Escribí -y publiqué- un texto en que se compromete el honor
de mucha gente. La idea no fue poner en jaque el honor de esa gente: el
objetivo fue bucear en historias reales (brutales, oscuras, dolorosas) y
atravesarlas con la ficción, para que esas historias tuvieran más sustento, se
pudieran nutrir por y en sí mismas.
Es imposible dar aviso de la trastienda de cada cosa que uno
escribe. Es inútil aclarar hasta dónde es fábula e invento o poder de la
realidad. El lector transforma lo escrito, pero solo quien lo escribe (si es
que puede) sabe desde dónde lo hace.
Un texto puede interrogar y buscar preguntas, o puede interrogar
y buscar respuestas.

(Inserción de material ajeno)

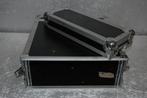 Flightcase 19 inch 63x52x20cm zwart/zilver  <25252201>, Gebruikt, ., Drums of Percussie, Ophalen of Verzenden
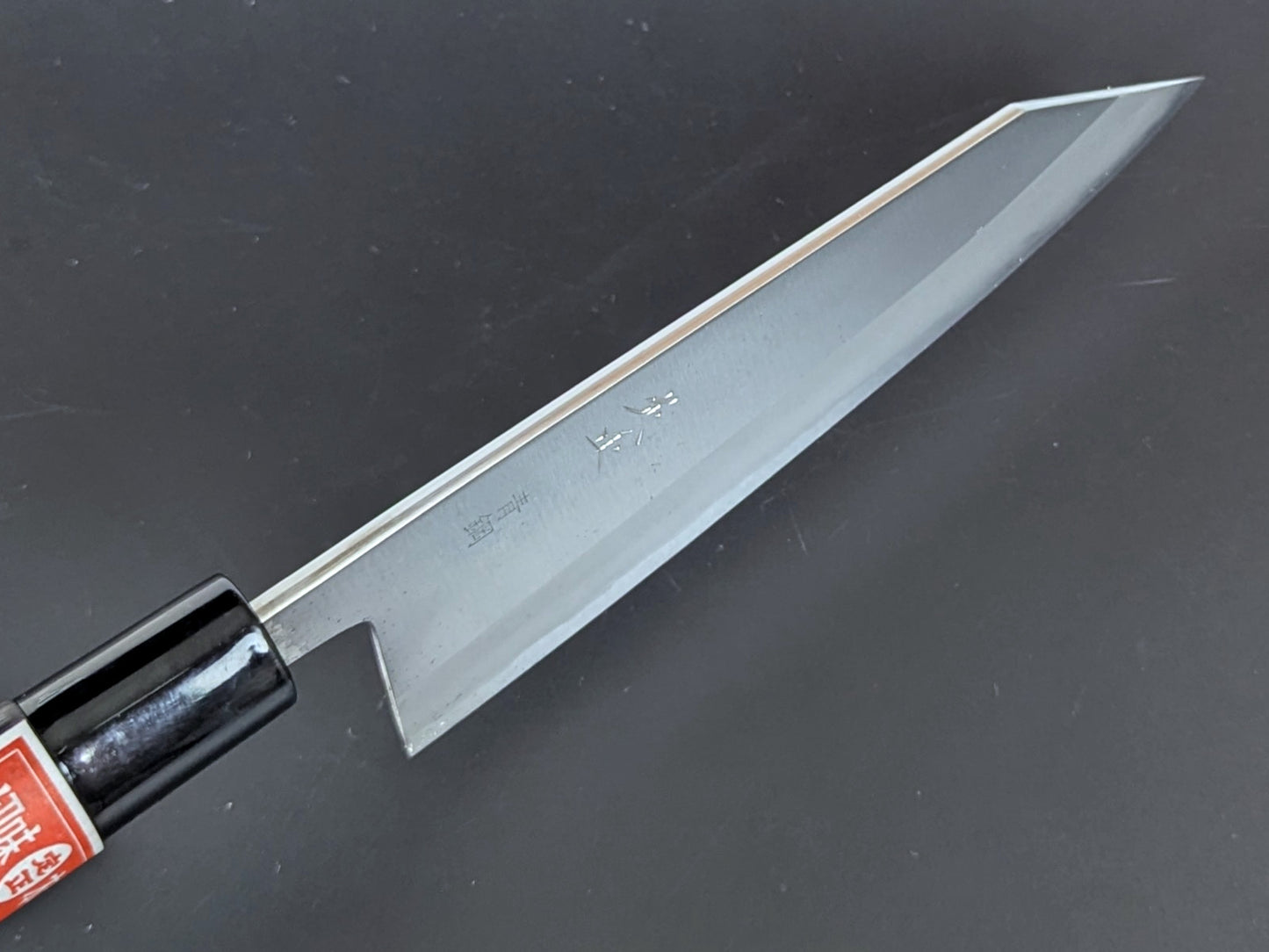 Sadamasa Stainless Clad Aogami #2 Migaki Kiritsuke Santoku 165mm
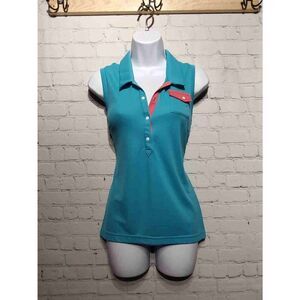 Adidas collared sleeveless golf polo small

Darle luz a acciones que permanecen ocultas en la sombra
de los tiempos.
Hace poco, en una entrevista, Antonio Dal Masetto decía que “cuando
se hace literatura con historias reales, la fidelidad de la escritura no se
sostiene con sólo transcribir los hechos. Hay que manejar la realidad,
equilibrarla, porque suele exagerar. Uno cree en esa realidad ‘exagerada’

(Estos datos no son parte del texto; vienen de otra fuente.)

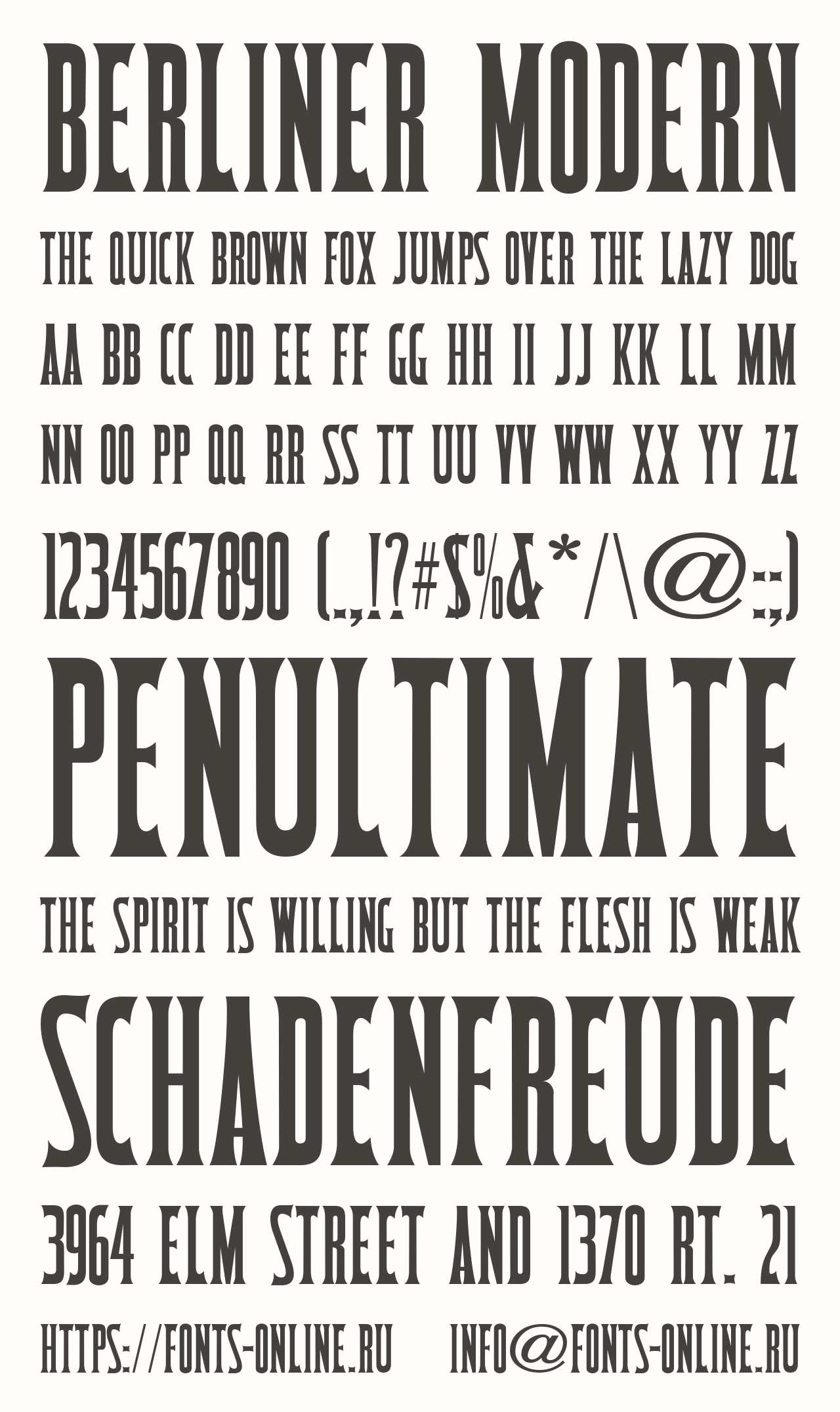 Berliner Modern Free Font Download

cuando lee el diario, pero los mismos hechos en una novela pueden ser inverosímiles”.
Como quien mira lo mismo desde la vereda opuesta, Gonzalo Garcés escribió en su blog no hace mucho
tiempo: “ahí aparece lo que más amamos en la ficción: el sentido, los
personajes más vivos que las personas reales, la revelación de esas simetrías
imperfectas que llamamos trama, la música de los momentos, la sensación de
acorralar al tiempo”.
Porque, en contra de lo que Borges suponía e interpretaba
como inverosímil, la realidad suele superar a la ficción.

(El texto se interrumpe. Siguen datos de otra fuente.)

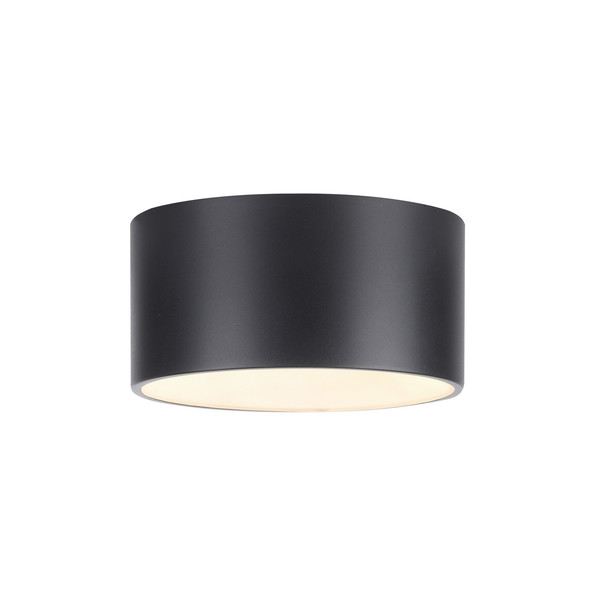 JUST LIGHT TANIKA LED Deckenleuchte Warmweiss Dimmbar 13W schwarz 14325-18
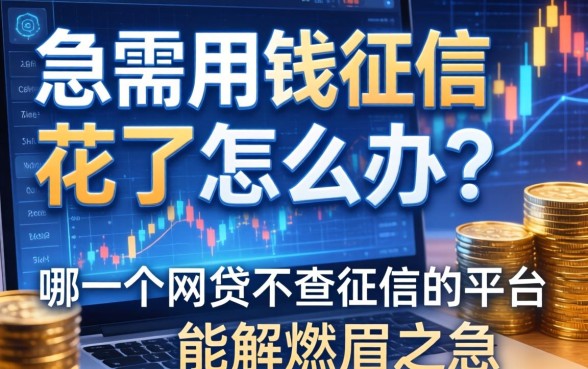 急需用钱征信花了怎么办？哪一个网贷不查征信的平台能解燃眉之急？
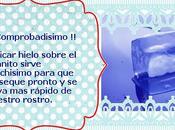 Acné, solución hielo.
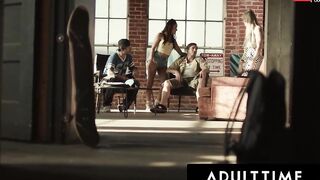 ADULT TIME - GRINDERS: Vanna Bardot, Lilly Bell, & Nathan Bronson's BABE 3-WAY! - PART 3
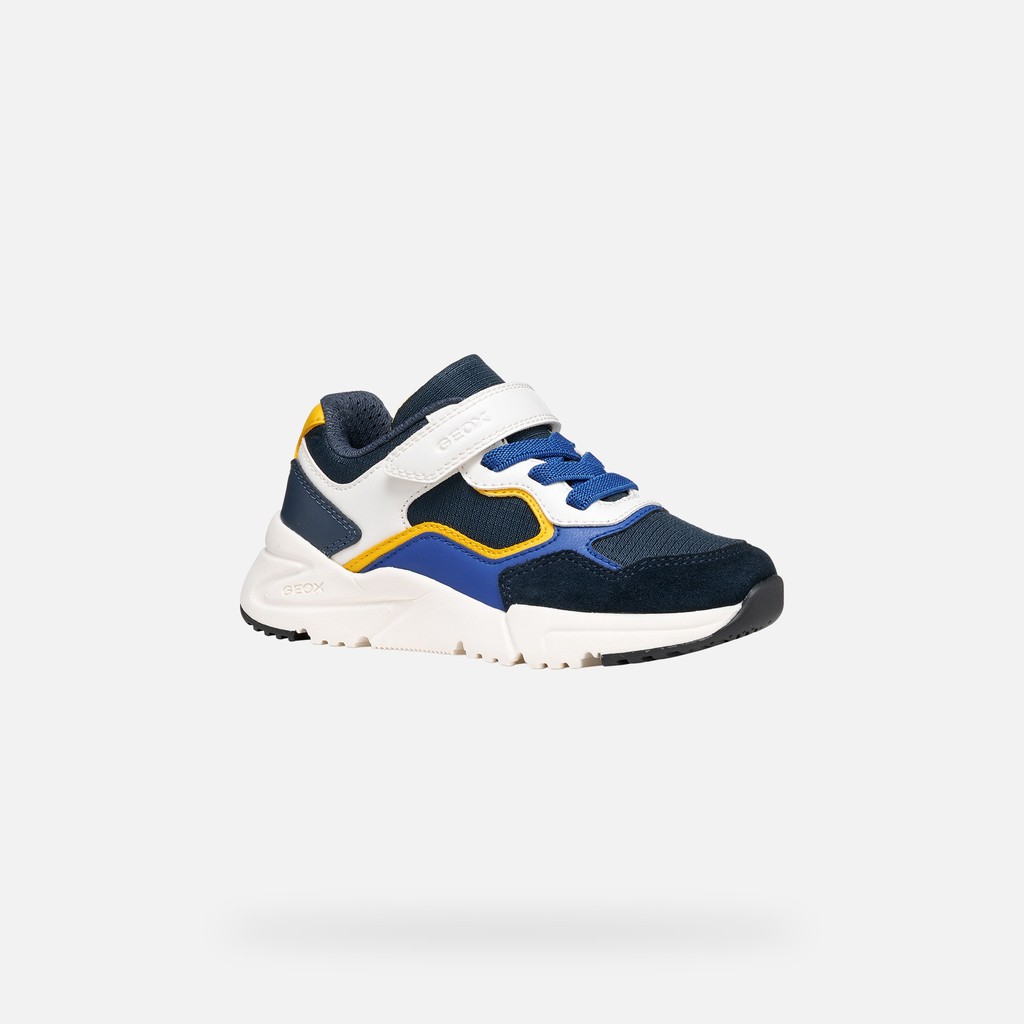 Low top sneakers LOFTUS BOY Navy/White - image number 2 | GEOX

En síntesis: la literatura es una búsqueda absurda: ansía la
verdad. La verdad imposible. Un texto literario atravesado por la realidad no
es más que un matiz, un trabajo en escalas, gradaciones de la ficción. Qué
literatura no está atravesada por la realidad, qué ficción es pura. La
literatura es pesquisa, interrogante y revelación.